NFTs and Crazy Cycles
So right now, NFTs are a big deal. If you're just joining us, NFTs are non-fungible tokens — like fragments of data that are stored on a distributed ledger, and done so in such a way that they can be definitively owned by a single person. That's a vast oversimplification of it, but in a nutshell: I make art, you can buy that art — and nobody else in the world can own it the way you do.
NFTs are currently in a huge upswing, earning tens of thousands or even millions of dollars for single items. There is a lot of criticism of the technology base to some NFTs — the dominant Ethereum blockchain chews through energy like Unicron at Cyberton's moons. But the thing is: technology changes. It adapts, improves, and shifts in strange ways. I have no doubt NFTs will be eco-friendly soon (some even are eco-friendly already).
The thing I like about NFTs is the promise.
I've been around long enough to remember the various internet-related crazes. The dotcom bubble burst while I was in university, but I was already close enough to feel the burn. After that, it's been a cycle of "huge potential" crazes that went... well, wrong.
Blogs, for one. Blogs were going to recalibrate the media landscape and give normal people a voice in ways that had never existed before. And it worked, sorta. Except now the major blogs are run by large corporations, and the voices we hear are the underpaid freelancers who have to hit their SEO targets no matter what.
Then there were vlogs, or (eventually) YouTube. Internet video would change everything! It would kneecap the Hollywood studios and level the playing field! Under-represented voices would be heard! Except... well, sorta, but no. You could argue there are some breakouts, and TikTok kinda picked up that mantle — but it never quite gelled the way it was meant to.
Last example, and most pertinent (to the dismay of the NFT crowd): ebooks. See, ebooks were around a long time before Kindle. Those of us who played in that space remember the agony of hand-crafting the things, working through all the technical hurdles just to produce something people with a certain subset of readers could open. When Amazon got into ebooks and made it open for everyone, it was like we were finally getting a shot at true egalitarian publishing. We were going to change the world, even without a big publishing house backing us!
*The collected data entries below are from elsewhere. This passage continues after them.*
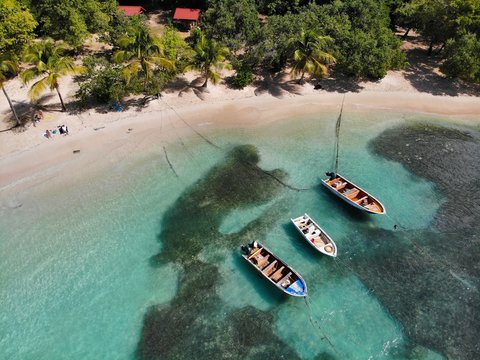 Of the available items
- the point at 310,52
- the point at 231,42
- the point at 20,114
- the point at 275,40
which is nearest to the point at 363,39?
the point at 310,52

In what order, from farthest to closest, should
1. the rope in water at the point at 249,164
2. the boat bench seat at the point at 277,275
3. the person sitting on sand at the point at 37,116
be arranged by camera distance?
the person sitting on sand at the point at 37,116 < the rope in water at the point at 249,164 < the boat bench seat at the point at 277,275

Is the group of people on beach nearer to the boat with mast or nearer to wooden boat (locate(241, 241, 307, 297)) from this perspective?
wooden boat (locate(241, 241, 307, 297))

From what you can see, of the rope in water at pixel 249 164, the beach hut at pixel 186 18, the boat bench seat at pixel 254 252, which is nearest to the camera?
the boat bench seat at pixel 254 252

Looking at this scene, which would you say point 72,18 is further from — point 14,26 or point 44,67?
point 44,67

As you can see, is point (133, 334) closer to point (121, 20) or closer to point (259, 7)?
point (121, 20)

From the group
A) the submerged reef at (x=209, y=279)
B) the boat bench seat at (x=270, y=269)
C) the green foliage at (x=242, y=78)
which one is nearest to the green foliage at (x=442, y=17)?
the green foliage at (x=242, y=78)

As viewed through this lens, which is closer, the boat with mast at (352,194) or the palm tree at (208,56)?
the boat with mast at (352,194)

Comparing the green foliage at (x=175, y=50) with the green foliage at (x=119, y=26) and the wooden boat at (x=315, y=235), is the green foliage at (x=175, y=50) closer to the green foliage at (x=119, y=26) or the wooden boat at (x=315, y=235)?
the green foliage at (x=119, y=26) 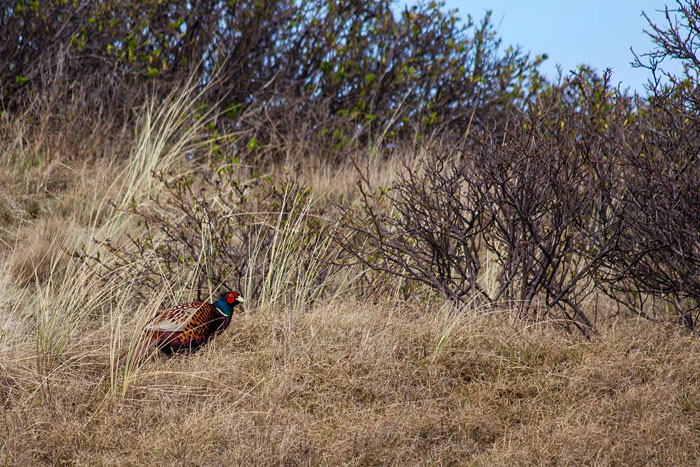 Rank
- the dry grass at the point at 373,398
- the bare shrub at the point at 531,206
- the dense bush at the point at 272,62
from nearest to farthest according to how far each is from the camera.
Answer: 1. the dry grass at the point at 373,398
2. the bare shrub at the point at 531,206
3. the dense bush at the point at 272,62

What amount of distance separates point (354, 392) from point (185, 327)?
95 centimetres

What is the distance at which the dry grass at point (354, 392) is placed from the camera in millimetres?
2963

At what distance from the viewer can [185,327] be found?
370 cm

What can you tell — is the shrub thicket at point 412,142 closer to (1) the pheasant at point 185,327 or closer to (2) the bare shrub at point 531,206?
(2) the bare shrub at point 531,206

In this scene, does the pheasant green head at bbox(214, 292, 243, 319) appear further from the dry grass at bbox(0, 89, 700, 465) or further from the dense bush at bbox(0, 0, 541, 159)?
the dense bush at bbox(0, 0, 541, 159)

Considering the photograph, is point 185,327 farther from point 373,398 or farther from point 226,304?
point 373,398

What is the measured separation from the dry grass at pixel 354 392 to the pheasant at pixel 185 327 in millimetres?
82

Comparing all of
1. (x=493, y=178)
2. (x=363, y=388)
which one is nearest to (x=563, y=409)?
(x=363, y=388)

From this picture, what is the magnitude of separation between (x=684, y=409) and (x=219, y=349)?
7.53 ft

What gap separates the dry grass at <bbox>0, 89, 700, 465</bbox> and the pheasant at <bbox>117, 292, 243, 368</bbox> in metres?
0.08

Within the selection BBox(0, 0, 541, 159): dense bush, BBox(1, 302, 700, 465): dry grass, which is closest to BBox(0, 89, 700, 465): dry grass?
BBox(1, 302, 700, 465): dry grass

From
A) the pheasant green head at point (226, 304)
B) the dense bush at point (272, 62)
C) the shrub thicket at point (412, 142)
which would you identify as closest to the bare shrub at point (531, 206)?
the shrub thicket at point (412, 142)

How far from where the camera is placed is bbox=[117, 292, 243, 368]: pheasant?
3.65m

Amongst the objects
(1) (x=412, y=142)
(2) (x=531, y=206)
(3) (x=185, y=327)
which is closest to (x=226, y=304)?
(3) (x=185, y=327) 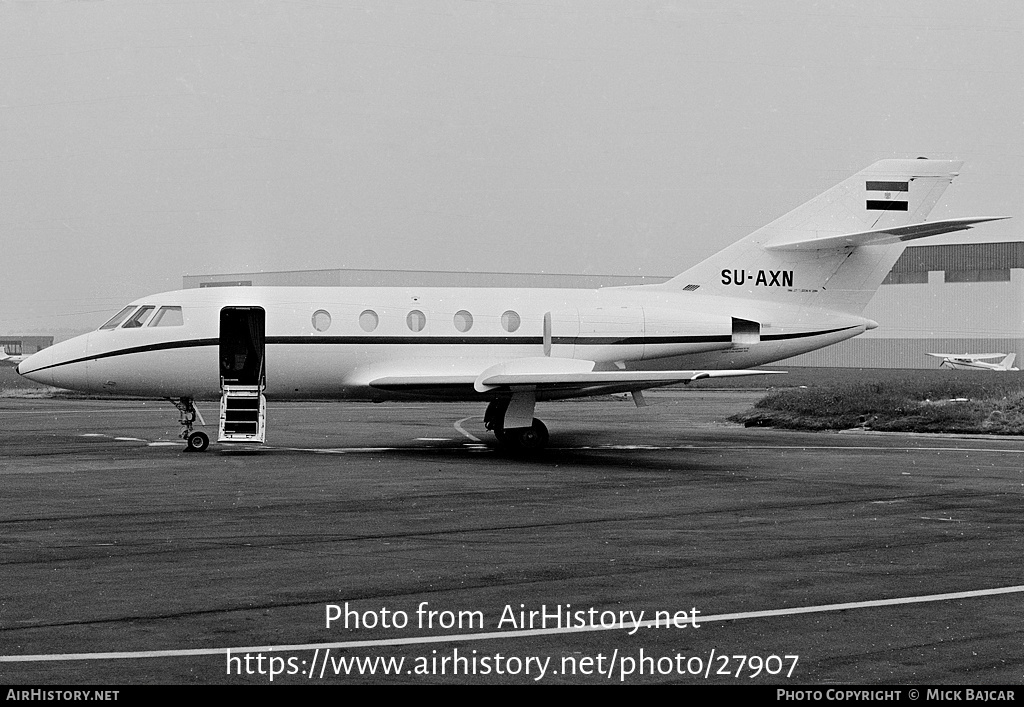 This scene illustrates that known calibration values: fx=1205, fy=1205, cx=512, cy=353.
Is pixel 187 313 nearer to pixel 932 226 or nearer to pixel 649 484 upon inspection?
A: pixel 649 484

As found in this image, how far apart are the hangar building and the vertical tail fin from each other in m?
33.6

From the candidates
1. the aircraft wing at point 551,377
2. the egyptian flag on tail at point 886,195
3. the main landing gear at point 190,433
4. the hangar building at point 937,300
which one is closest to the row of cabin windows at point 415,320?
the aircraft wing at point 551,377

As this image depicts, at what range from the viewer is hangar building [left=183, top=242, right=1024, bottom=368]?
59747mm

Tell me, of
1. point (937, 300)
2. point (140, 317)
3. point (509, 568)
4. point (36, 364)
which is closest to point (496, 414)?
point (140, 317)

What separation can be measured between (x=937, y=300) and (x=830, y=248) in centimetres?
4526

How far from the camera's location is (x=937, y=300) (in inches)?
2584

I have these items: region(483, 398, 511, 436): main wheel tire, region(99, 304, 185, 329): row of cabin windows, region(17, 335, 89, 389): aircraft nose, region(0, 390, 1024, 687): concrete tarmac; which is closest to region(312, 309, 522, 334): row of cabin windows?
region(483, 398, 511, 436): main wheel tire

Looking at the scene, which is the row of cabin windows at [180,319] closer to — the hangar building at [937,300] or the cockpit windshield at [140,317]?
the cockpit windshield at [140,317]

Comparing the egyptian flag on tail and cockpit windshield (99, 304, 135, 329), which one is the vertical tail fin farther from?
cockpit windshield (99, 304, 135, 329)

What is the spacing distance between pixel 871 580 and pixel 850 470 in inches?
363

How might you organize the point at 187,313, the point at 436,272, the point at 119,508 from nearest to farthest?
the point at 119,508, the point at 187,313, the point at 436,272

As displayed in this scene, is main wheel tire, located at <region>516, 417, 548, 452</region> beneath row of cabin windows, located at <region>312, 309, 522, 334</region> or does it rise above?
beneath

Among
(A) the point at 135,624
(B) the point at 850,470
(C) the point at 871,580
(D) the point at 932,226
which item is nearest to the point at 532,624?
(A) the point at 135,624

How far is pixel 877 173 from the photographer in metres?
23.8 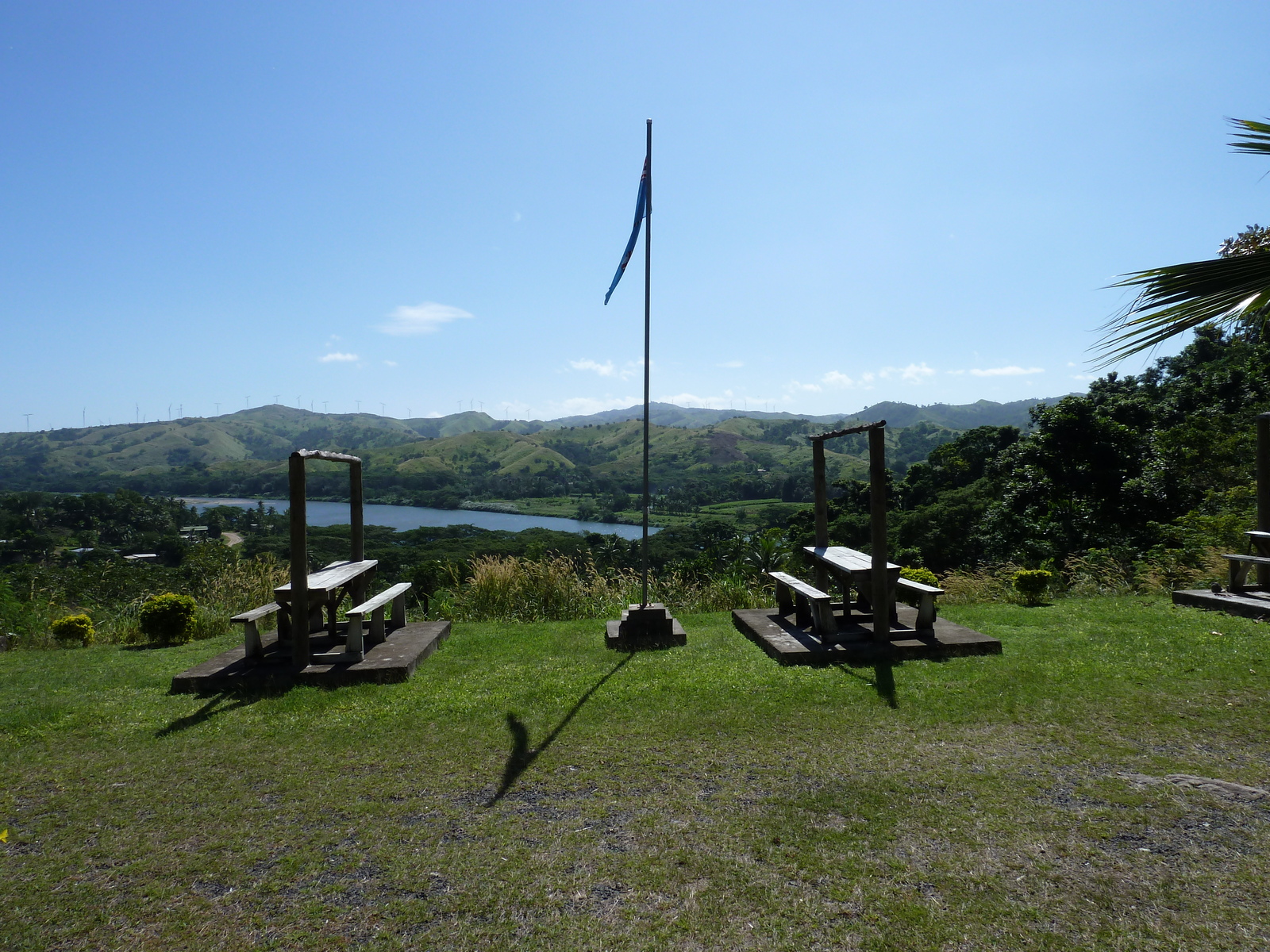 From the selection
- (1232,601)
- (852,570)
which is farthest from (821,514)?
(1232,601)

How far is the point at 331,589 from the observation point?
6.11 m

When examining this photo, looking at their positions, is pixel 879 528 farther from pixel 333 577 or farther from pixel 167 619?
pixel 167 619

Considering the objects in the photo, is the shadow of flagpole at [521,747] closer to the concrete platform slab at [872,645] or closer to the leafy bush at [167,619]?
the concrete platform slab at [872,645]

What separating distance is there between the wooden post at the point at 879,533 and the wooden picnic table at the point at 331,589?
15.7 ft

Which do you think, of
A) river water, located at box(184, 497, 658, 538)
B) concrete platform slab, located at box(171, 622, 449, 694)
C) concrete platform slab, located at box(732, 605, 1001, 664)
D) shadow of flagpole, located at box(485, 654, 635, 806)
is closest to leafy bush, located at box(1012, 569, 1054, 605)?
concrete platform slab, located at box(732, 605, 1001, 664)

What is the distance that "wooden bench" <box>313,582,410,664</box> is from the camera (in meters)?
6.06

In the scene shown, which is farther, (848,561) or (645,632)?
(645,632)

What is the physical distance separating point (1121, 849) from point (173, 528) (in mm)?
66405

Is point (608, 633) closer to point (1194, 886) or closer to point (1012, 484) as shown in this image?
point (1194, 886)

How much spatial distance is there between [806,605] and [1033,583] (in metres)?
3.76

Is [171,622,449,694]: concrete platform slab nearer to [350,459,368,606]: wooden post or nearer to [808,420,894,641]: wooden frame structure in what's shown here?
[350,459,368,606]: wooden post

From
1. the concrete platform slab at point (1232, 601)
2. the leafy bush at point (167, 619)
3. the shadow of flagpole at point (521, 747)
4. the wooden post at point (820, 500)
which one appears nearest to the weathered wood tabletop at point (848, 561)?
the wooden post at point (820, 500)

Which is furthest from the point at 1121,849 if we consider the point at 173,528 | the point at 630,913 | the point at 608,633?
the point at 173,528

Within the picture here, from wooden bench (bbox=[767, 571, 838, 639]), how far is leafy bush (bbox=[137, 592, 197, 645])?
6.80 metres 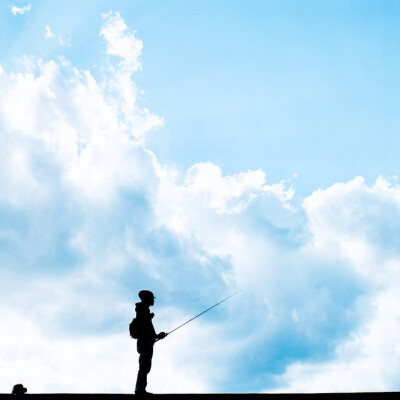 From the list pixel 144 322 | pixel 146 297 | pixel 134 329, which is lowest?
pixel 134 329

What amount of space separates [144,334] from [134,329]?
0.20m

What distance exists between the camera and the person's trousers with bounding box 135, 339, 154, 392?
24.0 feet

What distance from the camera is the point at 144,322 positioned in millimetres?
7750

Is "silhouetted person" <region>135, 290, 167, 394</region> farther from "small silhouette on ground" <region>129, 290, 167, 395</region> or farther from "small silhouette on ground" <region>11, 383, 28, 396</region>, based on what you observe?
"small silhouette on ground" <region>11, 383, 28, 396</region> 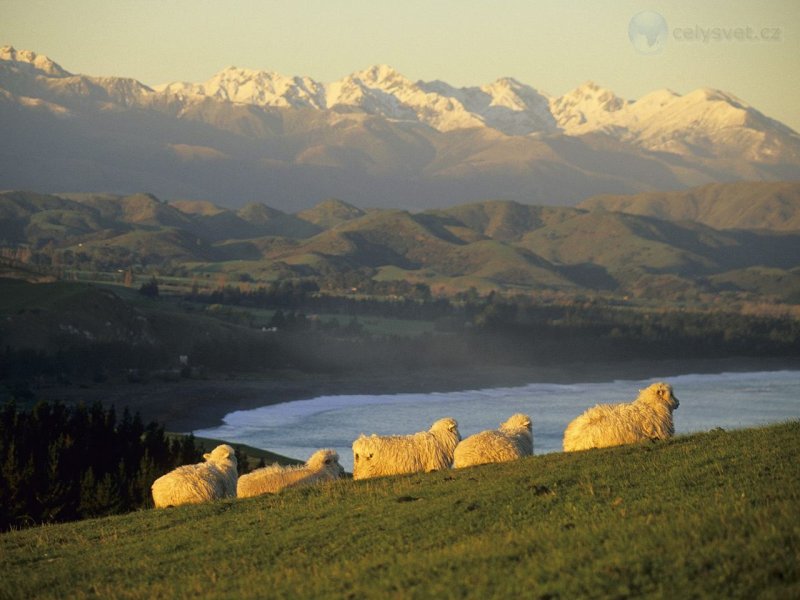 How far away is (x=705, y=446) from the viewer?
2302 centimetres

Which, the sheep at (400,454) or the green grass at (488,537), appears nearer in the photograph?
the green grass at (488,537)

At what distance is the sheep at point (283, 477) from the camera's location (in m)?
26.9

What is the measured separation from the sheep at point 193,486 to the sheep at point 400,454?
9.02 feet

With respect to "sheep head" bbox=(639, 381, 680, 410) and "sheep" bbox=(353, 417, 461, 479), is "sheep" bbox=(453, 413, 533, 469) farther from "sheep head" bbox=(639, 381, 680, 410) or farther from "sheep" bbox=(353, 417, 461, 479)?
"sheep head" bbox=(639, 381, 680, 410)

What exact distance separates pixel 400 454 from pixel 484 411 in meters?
74.9

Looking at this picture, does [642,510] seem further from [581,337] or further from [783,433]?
[581,337]

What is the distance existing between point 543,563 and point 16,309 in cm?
11997

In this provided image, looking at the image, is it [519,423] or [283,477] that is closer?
[283,477]

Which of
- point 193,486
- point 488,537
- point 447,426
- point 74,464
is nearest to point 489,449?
point 447,426

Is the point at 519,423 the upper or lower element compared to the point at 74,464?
upper

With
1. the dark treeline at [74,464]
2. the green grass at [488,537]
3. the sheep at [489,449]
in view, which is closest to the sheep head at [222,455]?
the dark treeline at [74,464]

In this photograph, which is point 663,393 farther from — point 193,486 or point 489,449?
point 193,486

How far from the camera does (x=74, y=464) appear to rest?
131 feet

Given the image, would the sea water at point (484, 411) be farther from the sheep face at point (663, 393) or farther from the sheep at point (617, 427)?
the sheep at point (617, 427) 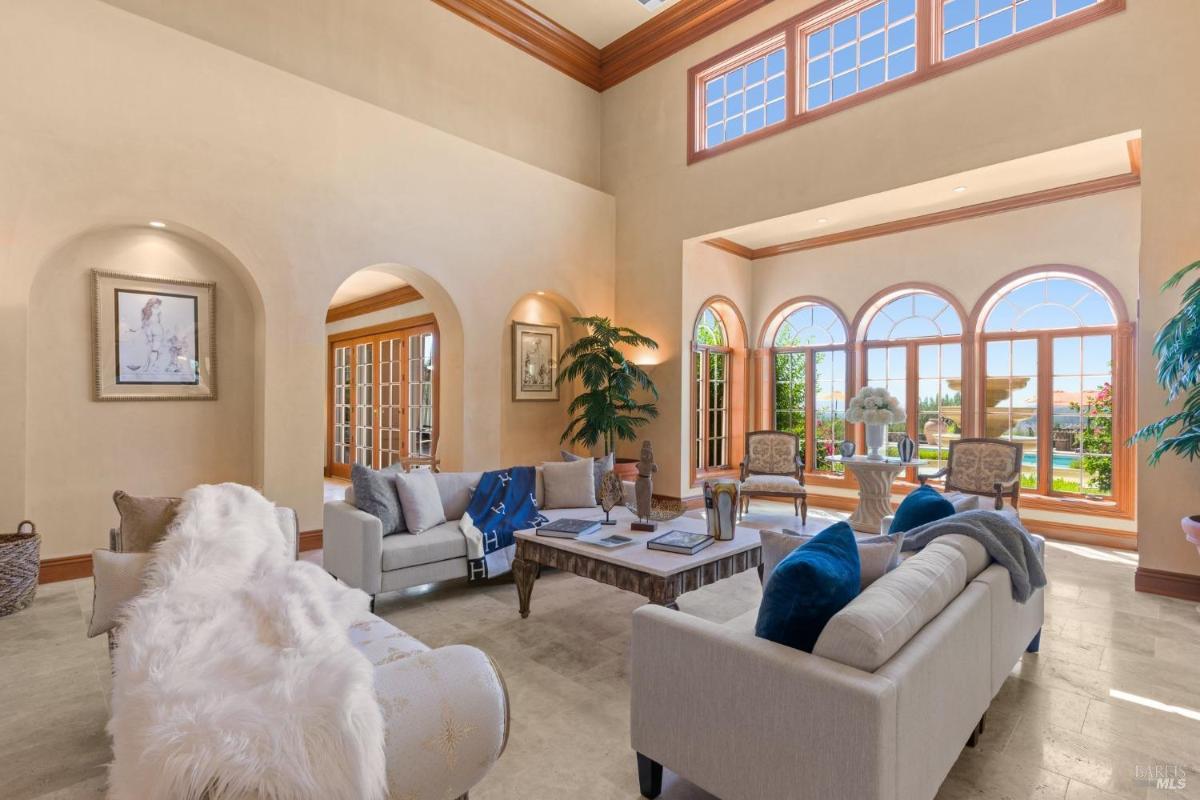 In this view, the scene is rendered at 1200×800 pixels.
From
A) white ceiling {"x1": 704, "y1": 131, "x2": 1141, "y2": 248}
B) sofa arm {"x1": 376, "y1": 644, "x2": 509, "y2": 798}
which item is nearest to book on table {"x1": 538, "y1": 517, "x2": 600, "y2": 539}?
sofa arm {"x1": 376, "y1": 644, "x2": 509, "y2": 798}

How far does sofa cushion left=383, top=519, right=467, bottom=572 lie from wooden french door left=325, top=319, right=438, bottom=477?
12.7ft

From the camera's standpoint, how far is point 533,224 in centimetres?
647

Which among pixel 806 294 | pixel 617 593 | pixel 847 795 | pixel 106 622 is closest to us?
pixel 847 795

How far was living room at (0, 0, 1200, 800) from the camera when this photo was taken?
2.38 m

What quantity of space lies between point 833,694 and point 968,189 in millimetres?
5231

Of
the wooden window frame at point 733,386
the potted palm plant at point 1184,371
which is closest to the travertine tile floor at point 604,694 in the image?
the potted palm plant at point 1184,371

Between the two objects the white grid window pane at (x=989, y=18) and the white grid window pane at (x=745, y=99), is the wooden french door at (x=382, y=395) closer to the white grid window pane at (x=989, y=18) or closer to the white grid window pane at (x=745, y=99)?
the white grid window pane at (x=745, y=99)

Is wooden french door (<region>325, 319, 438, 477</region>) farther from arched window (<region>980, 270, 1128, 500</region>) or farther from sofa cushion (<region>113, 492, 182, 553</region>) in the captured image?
arched window (<region>980, 270, 1128, 500</region>)

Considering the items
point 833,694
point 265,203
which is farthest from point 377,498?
point 833,694

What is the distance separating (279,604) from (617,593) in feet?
8.86

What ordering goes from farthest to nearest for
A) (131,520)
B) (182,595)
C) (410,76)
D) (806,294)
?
(806,294) → (410,76) → (131,520) → (182,595)

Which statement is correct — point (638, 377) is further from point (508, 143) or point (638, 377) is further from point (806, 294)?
point (508, 143)

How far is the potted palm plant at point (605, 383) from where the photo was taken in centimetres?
635

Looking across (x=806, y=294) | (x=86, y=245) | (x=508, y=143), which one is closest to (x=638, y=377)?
(x=806, y=294) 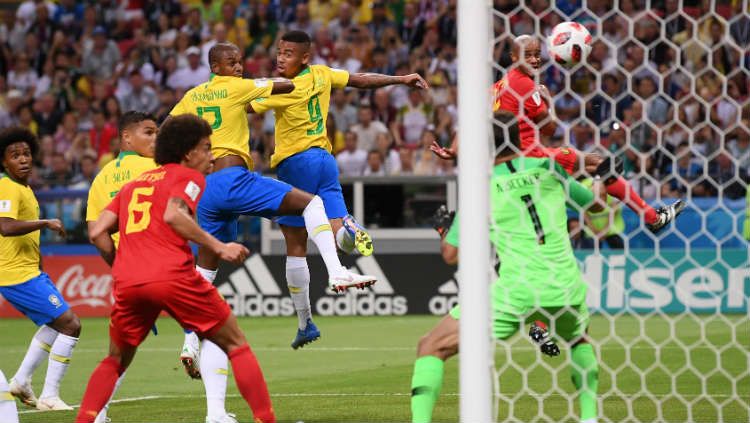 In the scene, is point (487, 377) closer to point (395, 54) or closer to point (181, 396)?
point (181, 396)

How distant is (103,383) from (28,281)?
10.3 feet

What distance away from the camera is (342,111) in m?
18.3

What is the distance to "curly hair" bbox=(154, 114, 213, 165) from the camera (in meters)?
6.07

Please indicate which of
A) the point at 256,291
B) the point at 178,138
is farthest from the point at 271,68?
the point at 178,138

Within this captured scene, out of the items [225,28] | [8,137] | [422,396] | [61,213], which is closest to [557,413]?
[422,396]

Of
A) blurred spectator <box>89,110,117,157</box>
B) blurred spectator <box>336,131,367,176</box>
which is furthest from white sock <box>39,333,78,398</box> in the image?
blurred spectator <box>89,110,117,157</box>

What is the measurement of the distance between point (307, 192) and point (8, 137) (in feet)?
7.24

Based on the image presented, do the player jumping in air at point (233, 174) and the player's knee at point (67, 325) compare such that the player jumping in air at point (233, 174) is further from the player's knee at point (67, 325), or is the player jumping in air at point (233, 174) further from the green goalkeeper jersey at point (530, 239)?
the green goalkeeper jersey at point (530, 239)

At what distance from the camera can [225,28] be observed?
811 inches

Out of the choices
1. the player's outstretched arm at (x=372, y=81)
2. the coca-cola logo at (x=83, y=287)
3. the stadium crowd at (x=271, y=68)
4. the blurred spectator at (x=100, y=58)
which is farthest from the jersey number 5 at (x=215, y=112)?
the blurred spectator at (x=100, y=58)

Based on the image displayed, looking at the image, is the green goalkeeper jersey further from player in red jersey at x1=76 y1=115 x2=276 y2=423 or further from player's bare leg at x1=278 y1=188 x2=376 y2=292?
player's bare leg at x1=278 y1=188 x2=376 y2=292

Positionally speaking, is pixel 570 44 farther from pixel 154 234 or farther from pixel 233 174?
pixel 154 234

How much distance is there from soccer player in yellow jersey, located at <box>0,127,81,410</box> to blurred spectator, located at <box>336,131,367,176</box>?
811 centimetres

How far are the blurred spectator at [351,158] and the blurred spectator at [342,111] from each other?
78 centimetres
And then things went sideways. The market got flooded with... well, everyone. A few smaller names floated to the top, but by and large it all came down to marketing and connections, which were reserved for the big publishing houses. Writers as a whole ended up getting paid less because ebooks messed with the (completely bogus) publishing industry accounting game. And yes, we got absolutely nowhere except that now if you say you've got an ebook, people back away slowly and avoid eye contact.
That is, I fear, where NFTs are headed. There was talk recently that Instagram is getting into the NFT game, and that scares me more than anything else.
Because here's the thing: just like with ebooks pre-KDP, we are dealing with a rough-around-the-edges technology that only certain people can figure out. Just like with ebooks, we are going to change the world because there's no central authority setting the rules. Anyone can sell an NFT, and the voices that might otherwise be silenced are given a platform. And just like with ebooks, we're — at least on some level — hoping the mainstream world will buy into our dream, too.
Here's the thing: when the mainstream arrives, they steamroll your culture and put their own idols on your throne. It's not malicious, it's just how it works. And I can feel that day coming for NFTs, and it scares me.
Point being: if we want this world we're creating to survive, we need to double down and not just support each other, but defend each other. When newcomers arrive, back them up from day one. When people stumble, help them back to their feet. The lure of boundless riches is strong, but if we're not careful about this, we're going to end up looking back on these days as the end of an era — and then go back to buying our Frozen NFTs with $DSNY.